JAKARTA – jelasnews.com
Pemerintah terus mempercepat penanganan tanggap darurat bencana di Nusa Tenggara Timur (NTT). Memasuki hari kelima pascabencana, pengiriman bantuan logistik kembali dilakukan pada Rabu (19/8/2026) sebagai bagian dari upaya memenuhi kebutuhan masyarakat terdampak.
Atas instruksi Presiden Prabowo Subianto, sebanyak lima pesawat diberangkatkan mulai pukul 04.00 WIB dengan membawa sekitar 65 ton logistik. Dengan tambahan tersebut, total bantuan yang telah dikirim pemerintah sejak hari pertama hingga hari kelima penanganan mencapai sedikitnya 253 ton.
Bantuan yang didistribusikan meliputi bahan makanan dan minuman, tenda, perlengkapan kesehatan, serta berbagai kebutuhan pokok lainnya. Pengiriman dilakukan secara bertahap dengan menyesuaikan kondisi wilayah dan kebutuhan masyarakat di lokasi terdampak.
Sekretaris Kabinet (Seskab) RI Letkol Teddy Indra Wijaya turut mendukung koordinasi serta percepatan penyaluran bantuan di lapangan. Koordinasi lintas unsur tersebut dilakukan untuk memastikan proses distribusi berjalan efektif dan bantuan dapat segera diterima masyarakat.

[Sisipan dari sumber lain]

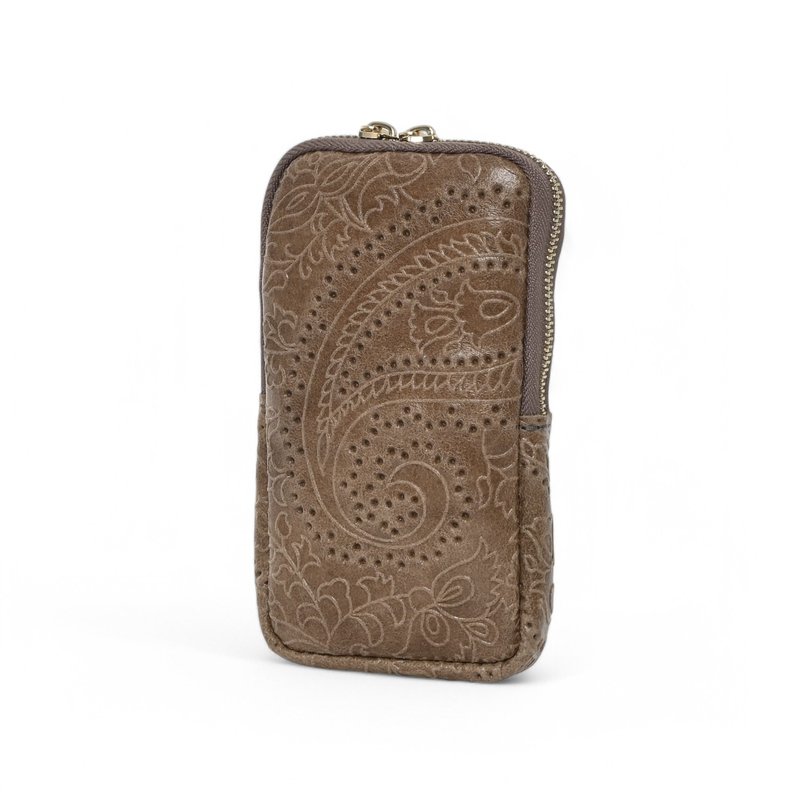 Bolsa de Telemóvel em Pele Camel
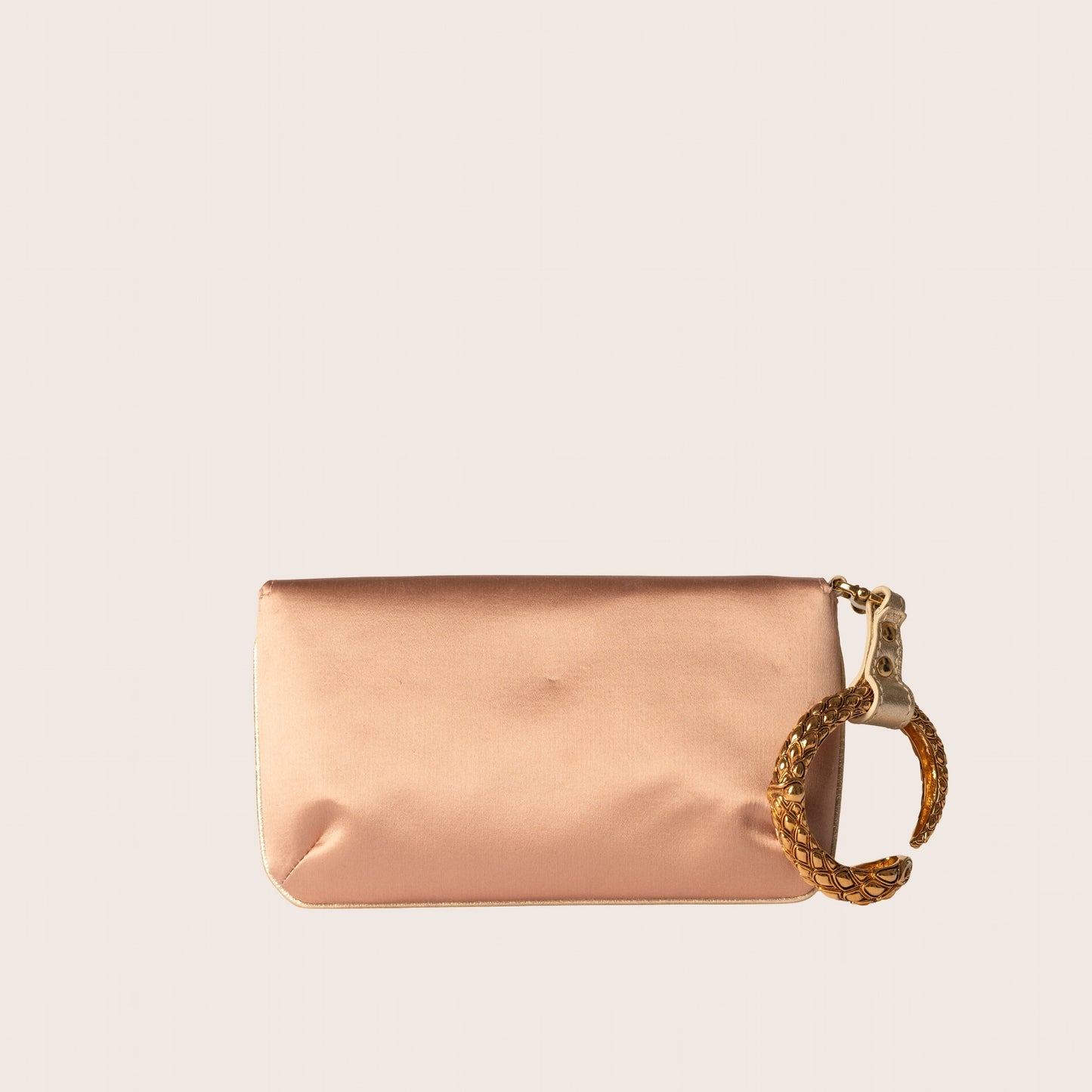 Roberto Cavalli Rose Gold Satin Clutch with Snake Bangle Bracelet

Teddy mengatakan, pemerintah menyiapkan dua posko utama sebagai pusat distribusi bantuan, yakni di Labuan Bajo dan Maumere.
Posko Labuan Bajo menjadi titik distribusi bantuan untuk wilayah Kabupaten Manggarai, Manggarai Barat, Manggarai Timur, dan Ngada. Sementara itu, posko di Maumere melayani penyaluran bantuan bagi masyarakat terdampak di Kabupaten Sikka, Ende, dan Nagekeo.
Untuk menjangkau wilayah yang memiliki kendala akses, distribusi bantuan dilakukan menggunakan berbagai moda transportasi. Jalur udara diperkuat dengan helikopter dan pesawat kecil, sedangkan jalur laut didukung tiga KRI serta satu kapal rumah sakit.
Sementara itu, jalur darat telah dapat dimanfaatkan sejak hari kedua sehingga turut mempercepat mobilisasi bantuan menuju sejumlah wilayah terdampak.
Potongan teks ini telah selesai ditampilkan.